Problem requirements — The answer must be an exact copy of the lines from the one holding "Aluhayos Visual Timer" through the final line of the entries, and nothing else.

(Dataset items)
————
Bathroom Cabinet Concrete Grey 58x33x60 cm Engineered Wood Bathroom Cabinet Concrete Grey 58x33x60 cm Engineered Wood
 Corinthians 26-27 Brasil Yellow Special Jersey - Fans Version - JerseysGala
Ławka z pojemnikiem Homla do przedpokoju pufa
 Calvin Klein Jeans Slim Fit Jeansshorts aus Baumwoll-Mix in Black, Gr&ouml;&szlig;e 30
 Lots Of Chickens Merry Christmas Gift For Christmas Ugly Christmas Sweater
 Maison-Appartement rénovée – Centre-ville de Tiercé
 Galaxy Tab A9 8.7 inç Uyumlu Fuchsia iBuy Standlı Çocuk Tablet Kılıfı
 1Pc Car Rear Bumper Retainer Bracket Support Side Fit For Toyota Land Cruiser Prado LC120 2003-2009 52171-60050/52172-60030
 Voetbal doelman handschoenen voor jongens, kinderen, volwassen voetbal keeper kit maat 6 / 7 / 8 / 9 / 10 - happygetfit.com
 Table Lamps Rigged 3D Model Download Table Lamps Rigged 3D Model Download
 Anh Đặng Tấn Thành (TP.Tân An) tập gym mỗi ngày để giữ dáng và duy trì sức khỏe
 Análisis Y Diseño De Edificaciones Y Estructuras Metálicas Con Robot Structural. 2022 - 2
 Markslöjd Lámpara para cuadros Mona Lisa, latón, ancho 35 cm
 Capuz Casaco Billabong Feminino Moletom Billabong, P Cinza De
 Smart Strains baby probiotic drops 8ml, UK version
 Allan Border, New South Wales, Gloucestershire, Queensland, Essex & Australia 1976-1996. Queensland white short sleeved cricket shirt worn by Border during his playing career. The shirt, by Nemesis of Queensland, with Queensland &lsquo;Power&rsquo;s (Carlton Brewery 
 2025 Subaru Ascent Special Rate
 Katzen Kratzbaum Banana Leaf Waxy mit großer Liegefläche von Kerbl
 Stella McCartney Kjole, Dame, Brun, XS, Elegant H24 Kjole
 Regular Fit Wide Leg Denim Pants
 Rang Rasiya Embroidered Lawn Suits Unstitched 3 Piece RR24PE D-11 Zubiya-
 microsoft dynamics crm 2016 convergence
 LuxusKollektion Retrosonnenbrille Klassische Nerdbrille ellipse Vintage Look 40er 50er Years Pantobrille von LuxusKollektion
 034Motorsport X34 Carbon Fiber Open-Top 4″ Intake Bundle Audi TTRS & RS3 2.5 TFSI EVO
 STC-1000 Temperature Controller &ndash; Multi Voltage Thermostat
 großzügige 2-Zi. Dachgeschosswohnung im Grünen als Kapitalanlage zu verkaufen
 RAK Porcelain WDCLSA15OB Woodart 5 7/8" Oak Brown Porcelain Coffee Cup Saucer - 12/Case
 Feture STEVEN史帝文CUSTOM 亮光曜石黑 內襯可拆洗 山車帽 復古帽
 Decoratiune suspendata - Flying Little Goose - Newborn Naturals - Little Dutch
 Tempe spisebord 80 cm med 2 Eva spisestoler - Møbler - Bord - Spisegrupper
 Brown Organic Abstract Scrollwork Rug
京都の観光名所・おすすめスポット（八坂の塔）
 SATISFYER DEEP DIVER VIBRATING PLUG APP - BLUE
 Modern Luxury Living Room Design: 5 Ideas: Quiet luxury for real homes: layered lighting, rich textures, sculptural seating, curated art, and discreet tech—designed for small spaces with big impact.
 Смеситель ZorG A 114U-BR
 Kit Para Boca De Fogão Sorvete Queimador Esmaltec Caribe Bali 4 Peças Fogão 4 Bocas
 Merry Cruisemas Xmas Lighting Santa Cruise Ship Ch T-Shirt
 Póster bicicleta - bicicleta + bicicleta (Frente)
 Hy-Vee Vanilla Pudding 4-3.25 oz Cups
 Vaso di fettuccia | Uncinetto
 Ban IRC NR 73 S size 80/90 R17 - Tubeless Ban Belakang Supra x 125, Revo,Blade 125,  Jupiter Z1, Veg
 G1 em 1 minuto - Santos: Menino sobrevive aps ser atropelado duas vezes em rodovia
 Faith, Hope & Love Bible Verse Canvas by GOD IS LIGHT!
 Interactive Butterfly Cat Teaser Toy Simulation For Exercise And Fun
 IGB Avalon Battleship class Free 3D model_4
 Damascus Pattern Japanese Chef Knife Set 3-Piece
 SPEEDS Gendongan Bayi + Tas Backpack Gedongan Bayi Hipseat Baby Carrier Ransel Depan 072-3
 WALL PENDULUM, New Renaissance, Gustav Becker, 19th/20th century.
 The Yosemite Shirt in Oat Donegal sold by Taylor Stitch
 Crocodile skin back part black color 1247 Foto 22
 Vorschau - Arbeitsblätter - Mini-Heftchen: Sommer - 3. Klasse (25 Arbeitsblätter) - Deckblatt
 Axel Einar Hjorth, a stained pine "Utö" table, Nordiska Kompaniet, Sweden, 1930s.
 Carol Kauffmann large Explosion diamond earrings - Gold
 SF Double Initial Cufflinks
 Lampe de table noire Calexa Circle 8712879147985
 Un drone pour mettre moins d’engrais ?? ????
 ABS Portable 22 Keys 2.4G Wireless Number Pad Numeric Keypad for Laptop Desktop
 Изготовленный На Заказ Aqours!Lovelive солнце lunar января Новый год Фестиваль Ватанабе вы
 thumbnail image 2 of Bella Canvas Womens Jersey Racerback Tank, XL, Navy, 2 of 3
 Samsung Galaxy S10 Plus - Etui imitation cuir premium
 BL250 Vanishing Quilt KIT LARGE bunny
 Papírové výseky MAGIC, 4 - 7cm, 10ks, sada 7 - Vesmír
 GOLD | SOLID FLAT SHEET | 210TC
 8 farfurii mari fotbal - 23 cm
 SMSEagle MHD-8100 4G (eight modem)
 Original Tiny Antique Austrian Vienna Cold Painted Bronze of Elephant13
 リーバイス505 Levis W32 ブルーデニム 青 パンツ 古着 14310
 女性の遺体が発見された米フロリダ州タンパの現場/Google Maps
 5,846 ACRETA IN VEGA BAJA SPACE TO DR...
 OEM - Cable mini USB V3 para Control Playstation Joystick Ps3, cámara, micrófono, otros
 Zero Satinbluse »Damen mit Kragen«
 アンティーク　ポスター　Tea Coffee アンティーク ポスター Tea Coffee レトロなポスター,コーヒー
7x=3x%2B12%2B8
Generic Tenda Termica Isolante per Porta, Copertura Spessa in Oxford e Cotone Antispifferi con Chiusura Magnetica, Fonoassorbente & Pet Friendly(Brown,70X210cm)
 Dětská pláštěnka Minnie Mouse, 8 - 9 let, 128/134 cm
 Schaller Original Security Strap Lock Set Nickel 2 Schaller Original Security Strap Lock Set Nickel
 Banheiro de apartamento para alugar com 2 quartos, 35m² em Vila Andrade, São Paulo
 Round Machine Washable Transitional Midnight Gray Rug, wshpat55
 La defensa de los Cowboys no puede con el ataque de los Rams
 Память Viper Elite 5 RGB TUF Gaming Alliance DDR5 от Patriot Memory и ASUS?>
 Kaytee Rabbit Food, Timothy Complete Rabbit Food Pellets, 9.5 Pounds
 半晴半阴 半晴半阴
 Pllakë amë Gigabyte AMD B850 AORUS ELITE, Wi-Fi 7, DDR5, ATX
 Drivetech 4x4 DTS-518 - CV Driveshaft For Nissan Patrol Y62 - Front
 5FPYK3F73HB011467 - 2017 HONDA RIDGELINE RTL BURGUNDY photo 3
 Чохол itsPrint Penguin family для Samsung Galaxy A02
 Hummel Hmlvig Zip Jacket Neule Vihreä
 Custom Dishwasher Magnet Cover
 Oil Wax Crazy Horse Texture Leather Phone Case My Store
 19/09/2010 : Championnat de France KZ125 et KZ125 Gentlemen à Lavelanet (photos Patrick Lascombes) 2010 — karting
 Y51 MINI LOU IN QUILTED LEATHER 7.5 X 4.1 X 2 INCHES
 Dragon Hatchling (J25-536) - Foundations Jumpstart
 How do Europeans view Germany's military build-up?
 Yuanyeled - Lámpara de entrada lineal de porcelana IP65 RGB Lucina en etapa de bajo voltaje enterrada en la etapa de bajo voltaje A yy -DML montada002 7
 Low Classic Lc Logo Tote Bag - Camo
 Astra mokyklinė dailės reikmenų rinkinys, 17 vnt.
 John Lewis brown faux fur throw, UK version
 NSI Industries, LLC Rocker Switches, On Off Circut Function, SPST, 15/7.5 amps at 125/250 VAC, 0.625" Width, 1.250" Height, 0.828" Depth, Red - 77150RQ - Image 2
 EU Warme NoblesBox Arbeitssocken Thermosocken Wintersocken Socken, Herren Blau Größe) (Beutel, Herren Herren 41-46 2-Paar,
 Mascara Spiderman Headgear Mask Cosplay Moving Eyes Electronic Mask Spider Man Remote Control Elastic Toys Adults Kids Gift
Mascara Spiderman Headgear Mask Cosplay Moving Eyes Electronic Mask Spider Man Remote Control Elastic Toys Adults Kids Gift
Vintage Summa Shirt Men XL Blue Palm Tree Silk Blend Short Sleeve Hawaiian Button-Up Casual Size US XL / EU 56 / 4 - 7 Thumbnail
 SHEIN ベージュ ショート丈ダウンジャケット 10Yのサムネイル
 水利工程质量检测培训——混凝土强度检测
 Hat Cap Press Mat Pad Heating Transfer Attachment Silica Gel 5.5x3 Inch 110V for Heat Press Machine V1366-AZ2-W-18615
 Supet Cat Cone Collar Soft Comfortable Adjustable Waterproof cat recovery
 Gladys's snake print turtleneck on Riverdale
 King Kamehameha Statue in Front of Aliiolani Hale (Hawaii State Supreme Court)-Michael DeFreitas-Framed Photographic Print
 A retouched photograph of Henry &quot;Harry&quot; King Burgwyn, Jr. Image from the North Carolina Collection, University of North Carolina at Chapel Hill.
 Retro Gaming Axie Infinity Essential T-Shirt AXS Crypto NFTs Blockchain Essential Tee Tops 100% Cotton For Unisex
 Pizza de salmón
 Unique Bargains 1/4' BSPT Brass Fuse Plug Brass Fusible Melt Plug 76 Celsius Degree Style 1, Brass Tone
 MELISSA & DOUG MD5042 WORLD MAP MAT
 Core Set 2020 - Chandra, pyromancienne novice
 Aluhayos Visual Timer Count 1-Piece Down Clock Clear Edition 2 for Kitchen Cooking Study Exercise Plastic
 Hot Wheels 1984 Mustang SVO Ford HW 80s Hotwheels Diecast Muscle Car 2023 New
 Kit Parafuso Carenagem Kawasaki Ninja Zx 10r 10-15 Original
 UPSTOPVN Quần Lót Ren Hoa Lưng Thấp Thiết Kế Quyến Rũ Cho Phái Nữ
————
Response —
 Aluhayos Visual Timer Count 1-Piece Down Clock Clear Edition 2 for Kitchen Cooking Study Exercise Plastic
 Hot Wheels 1984 Mustang SVO Ford HW 80s Hotwheels Diecast Muscle Car 2023 New
 Kit Parafuso Carenagem Kawasaki Ninja Zx 10r 10-15 Original
 UPSTOPVN Quần Lót Ren Hoa Lưng Thấp Thiết Kế Quyến Rũ Cho Phái Nữ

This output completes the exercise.